Our MOVPE technology can be used to manufacture detector arrays with dimensions up to 40×40mm. We use this intrinsically low-cost, large-area capability in several airborne surveillance and low-background-flux astronomical applications in the near-IR band. An example is the Falcon 1920×1280 detector, on a 12μm pitch, that can be butted on three sides so that even larger mosaic arrays can be constructed. We are currently developing 2000×2000 pixel arrays for Earth observation applications in the short-wavelength IR band.
The MOVPE growth system is very flexible, and the devices can be designed and engineered to best match the requirements. For instance, we have recently improved the operating temperature of our sensors, yet have maintained image quality up to 210K.2 More complex device structures can also be designed. Our dual-band device uses stacked diode arrays that are now routinely produced for imaging in mid-wavelength IR and long-wavelength IR on alternate frames.
We have developed device technology that achieves the best optical efficiency, with high absorption and photon containment. Combined with low junction capacitance, this provides unprecedented sensitivity. Our cameras are now used in many applications that require high speeds and short integration times. An example image from the Hot Spot system used in cricket is shown in Figure 2.
Figure 2. Image from the SLX Hawk camera used in the Hot Spot system. (Courtesy of BBG Sports.)
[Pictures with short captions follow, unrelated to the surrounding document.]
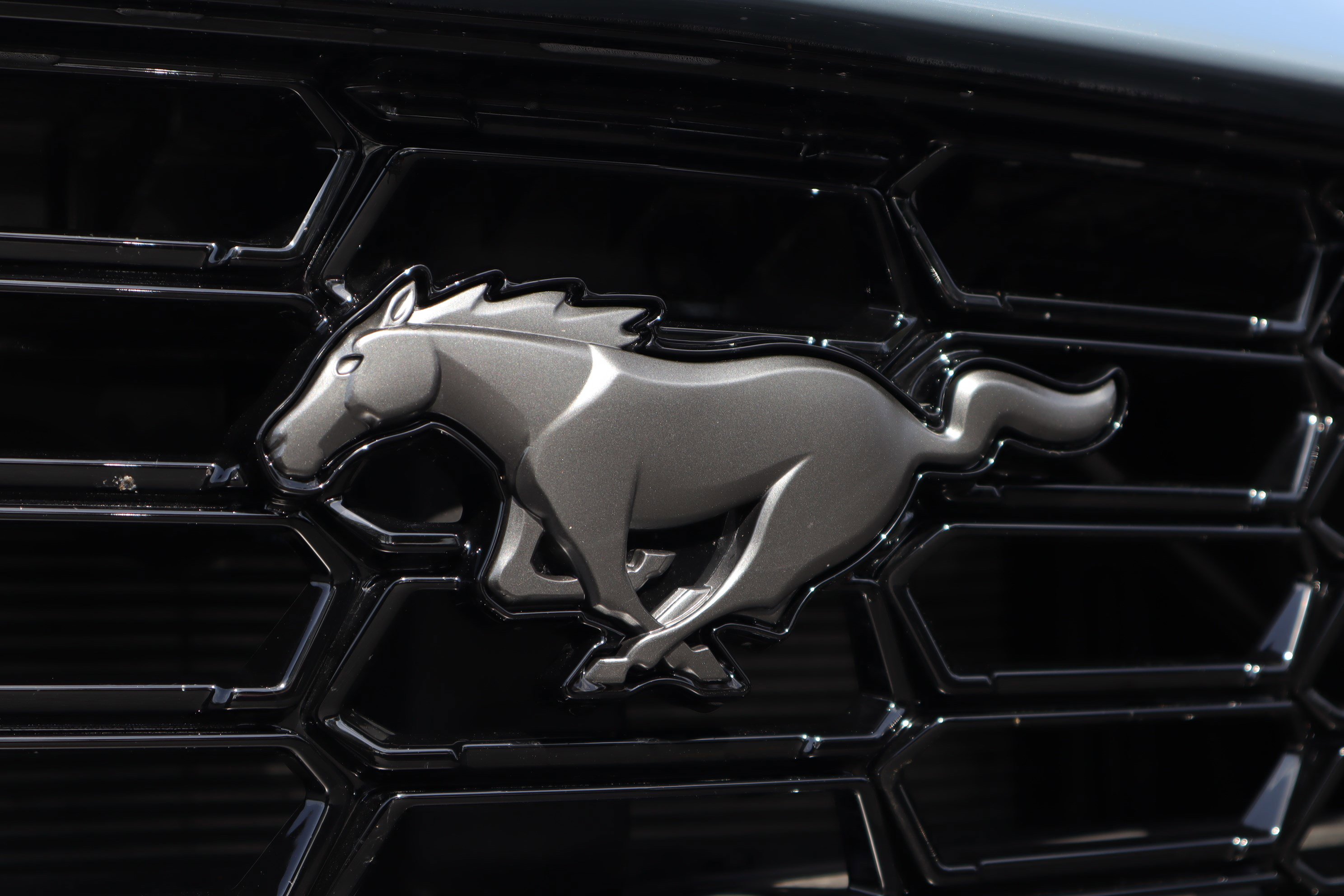 Used 2025 Ford Mustang Dark Horse image 35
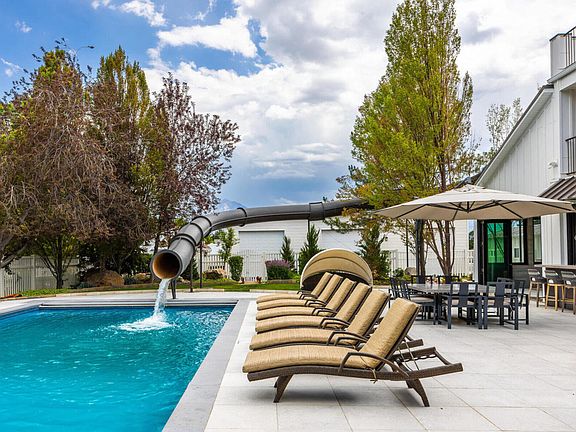 5th image of 9456 S Redwood Rd W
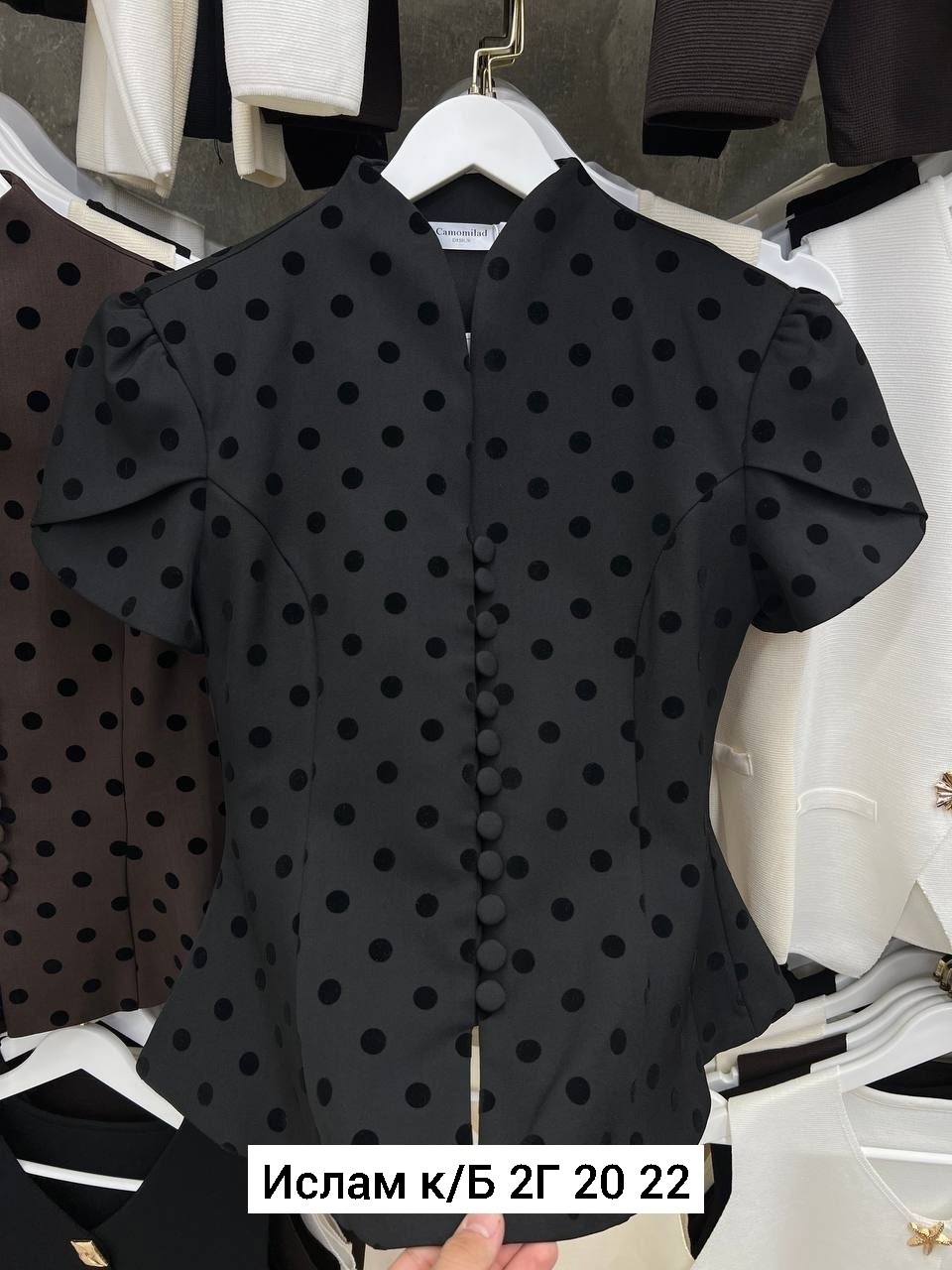 блузка в горошек,блузка женская,элегантная блузка,приталенный жакет,жакет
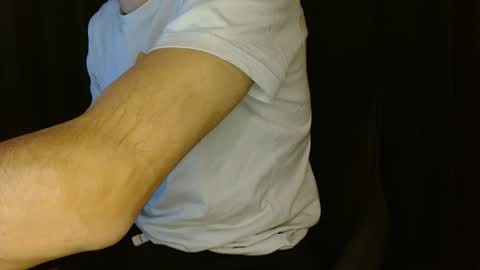 Snapshot of wildjerk91 chatting on 18, 11, 2025 wildjerk91 online show from 18, 11, 2025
The unique properties of HgCdTe enable almost noise-free avalanche gain, which is ideal for very low photon flux applications.3 Our Saphira array is capable of sensing individual photons at rates up to 100,000 frames per second. This detector has been selected for use in the wavefront sensors and fringe trackers of the European Southern Observatory's Gravity program. Avalanche gain is also used in laser-gated imaging for long-range identification. Our multifunctional Swallow detector can provide either thermal or laser-gated 3D imaging. Its applications include retrofitting small turret or pod structures with enhanced electro-optic capabilities. Figure 3 illustrates a typical airborne detection and identification scenario.
Figure 3. Airborne laser-gated thermal images taken with the Swallow multifunctional detector.
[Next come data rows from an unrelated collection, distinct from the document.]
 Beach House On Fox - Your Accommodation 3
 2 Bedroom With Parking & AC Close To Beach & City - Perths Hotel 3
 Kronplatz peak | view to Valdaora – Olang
Although MOVPE technology is now mature, there is still much potential to extend its performance. Future arrays may have smaller pixels, with 5μm having already been achieved in development. We are currently in the process of designing MOVPE structures for higher operating temperatures, which will have important consequences for the size, weight, power, and cost of future thermal imaging systems. Our avalanche gain devices are starting to be used in major science programs and are providing a new generation of photon-sensitive instruments.
Ian Baker, Les Hipwood, Chris Maxey, Harald Weller, Peter Thorne
SELEX Galileo Infrared Ltd.
Ian Baker started his career in the field of solid-state imaging, working initially on early CCD devices and then on imaging integrated circuits with Philips. He is now a technical consultant, with broad interests in advanced detector and system concepts.
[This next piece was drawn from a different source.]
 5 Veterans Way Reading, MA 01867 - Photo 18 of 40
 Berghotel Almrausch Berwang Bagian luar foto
Les Hipwood is responsible for device research and technology, and is a specialist on the IR detector physics of MOVPE technology.
Chris Maxey is responsible for epitaxy materials research and development and is a specialist on the growth and characterization of HgCdTe materials.
Harald Weller has a broad background in analog circuit design and is now responsible for silicon readout design, modeling, device testing, and customer interfacing.
Peter Thorne has a background in electro-optic devices and systems. He is currently responsible for advanced detector research and development, with a particular interest in electronics and systems design.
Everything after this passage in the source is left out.